If the court makes a blatantly unconstitutional decision, the president is obligated not to enforce it.

Each member of Congress and the president swear an oath of office to “preserve, protect and defend the Constitution.” There is no escape clause stating “except when the Supreme Court shall decide the Constitution is not what it is, or is what it isn’t.” If the court makes a blatantly unconstitutional decision, the president is not obligated to enforce it. In fact, he is obligated not to enforce it.

Should the court persist in its lawlessness, the president should recommend to Congress impeaching and removing serial offenders. It matters little whether Congress acts upon his recommendation; the Supreme Court relies not upon their inherent powers, but upon the perception of their superior judgment.

Ignoring or actively denouncing Supreme Court decisions is not a step to take lightly, but conservatives should not be bullied into whatever ukase crawls out of left-wing fever swamps. The absolute supremacy of the Supreme Court is a chimera, a bluff that over time has acquired the patina of power, but can vanish in an instant, leaving those who would use that court for lawlessness bereft of legitimacy.

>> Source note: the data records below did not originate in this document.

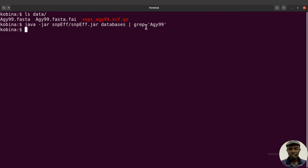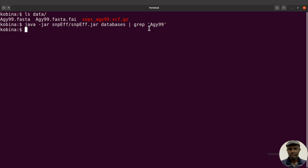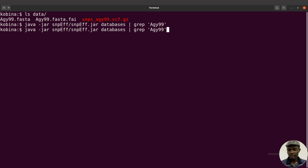We can modify this because sometimes with grep, the pattern we give may not match if the name is in a different format. So we are going to reissue this command — this time we are going to ignore case, so anything AGY99 will display regardless of whether it starts with a lowercase or uppercase letter. I'll recall the command and this time add the -i flag, then execute again.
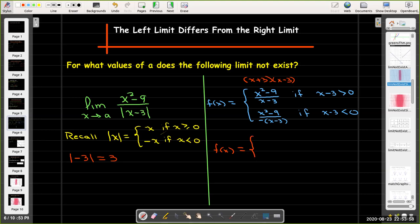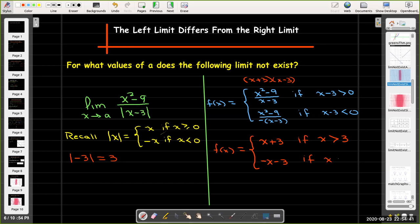After simplification, f(x) equals x plus 3 if x is greater than 3, because when x minus 3 is positive the absolute value is just x minus 3 and it cancels. In the second branch, where x minus 3 is negative, the absolute value introduces a minus sign, giving negative (x minus 3) in the denominator. That simplifies to negative (x plus 3) if x is less than 3. So except at x equals 3 where it's undefined, one branch is a line and the other branch is a different line.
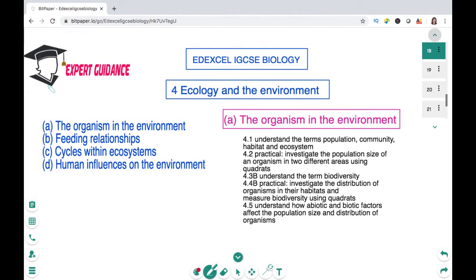Hello friends, welcome to Expert Guidance. Today in this video we'll be covering Unit 4 of IGCSE Biology. The unit is Ecology and the Environment. In this unit we'll be covering four important topics. First: the organism in the environment, in which we'll be looking over the key terms of ecology like population, community, habitat and ecosystem.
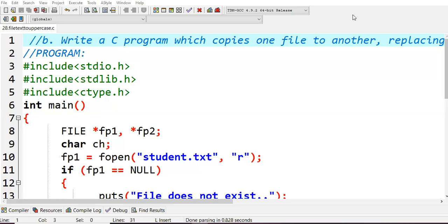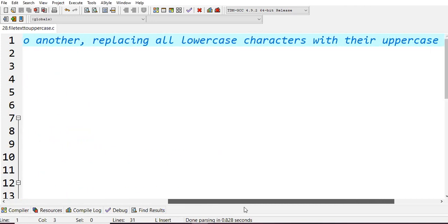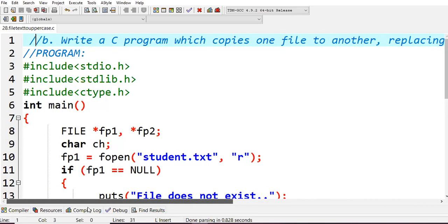In this lecture we will learn about file concepts — specifically copying one file to another file. At the same time, we also want to convert all lowercase content to uppercase. So whatever content is in the source file will be copied into the target file, and in the target file that content has to be in uppercase. That is what this program does.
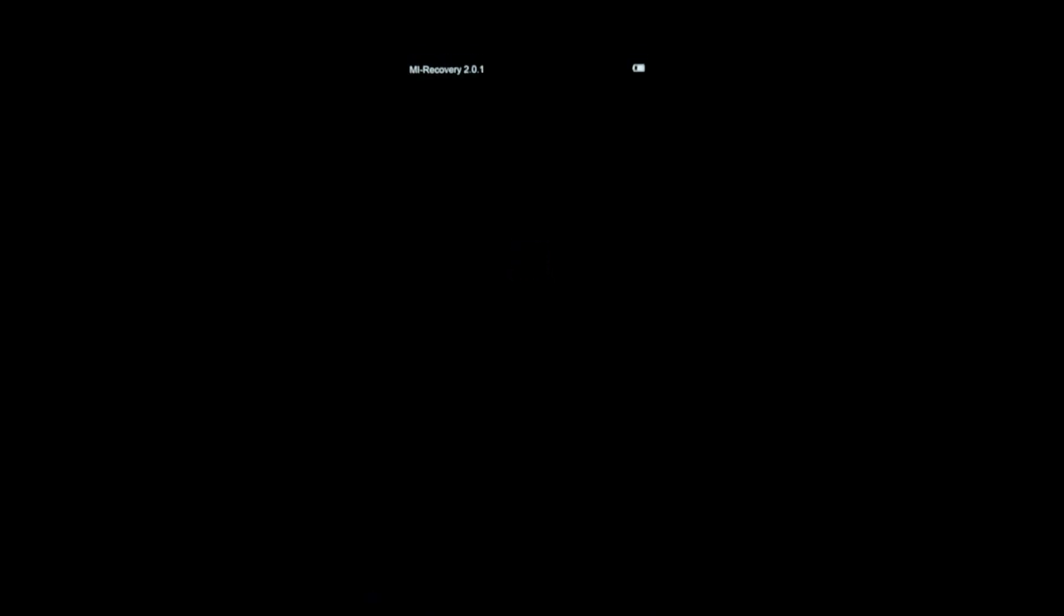Now your phone will reboot. As you can see, the phone is rebooting with MIUI boot animation.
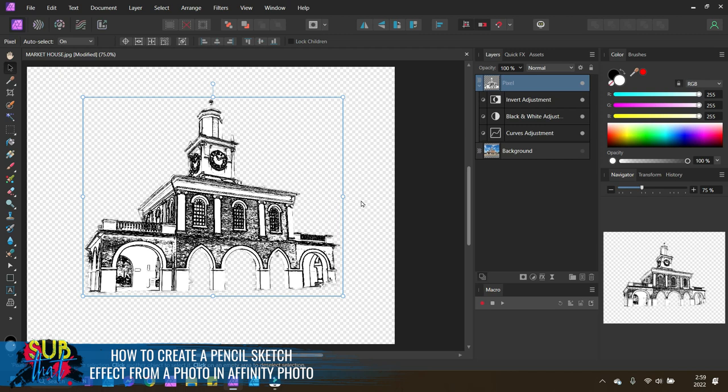Otherwise, the possibilities are endless with what you can do with this blueprint style sketch effect. And if you give it a try, be sure to show us in SubBAT. We would love to see it. Thank you so much for joining us. Don't forget to subscribe to our YouTube channel and be sure to check out the link for the Affinity Photo Digital Graphic Design Masterclass for Sublimation in the video description below.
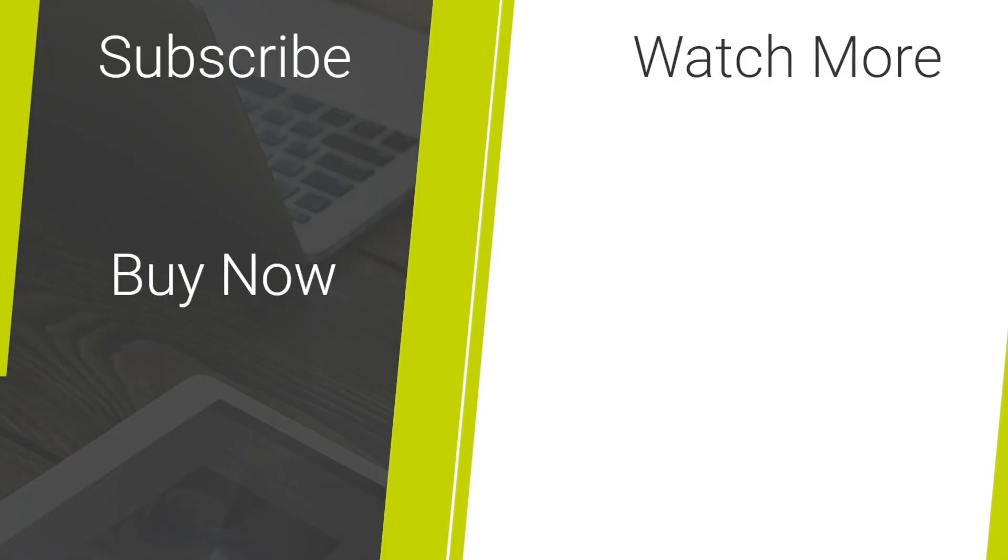If you'd like to purchase any of these cases, check out the links in the description below and if you've enjoyed this video, remember to like and subscribe.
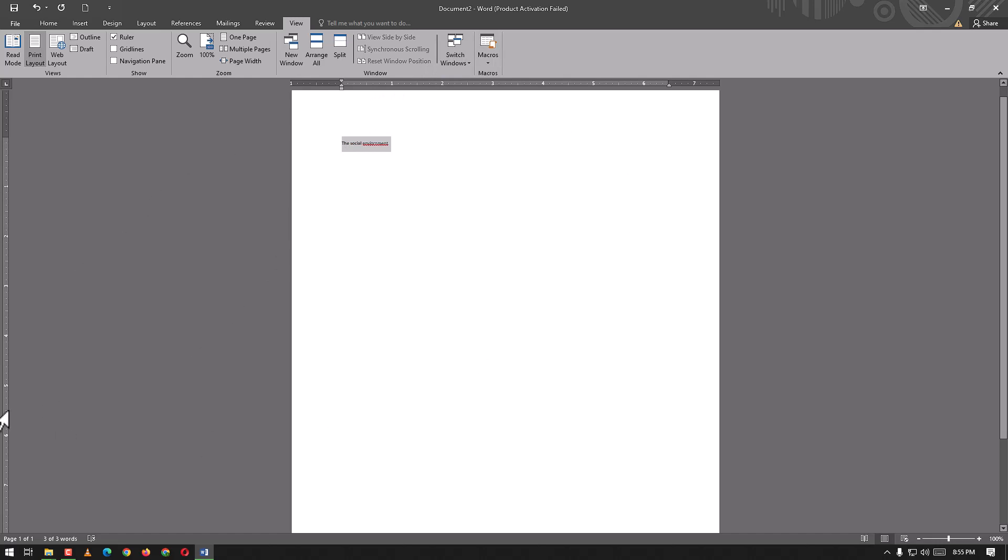That was the user interface of Microsoft Word. We will be back soon. Hope you liked our video. Please like, share, and subscribe.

The Supreme Court must be forced to consider whether it will face the nightmare of having their opinions disowned and themselves (temporarily) relegated to a toothless advisory board. This is not a failure of our constitutional order. This is our constitutional order, one the Framers clearly envisioned, but neglected since. Those who insist that a president or members of Congress must obey and promulgate unconstitutional diktats also support our elected officials perjuring their oaths of office by failing to defend the Constitution.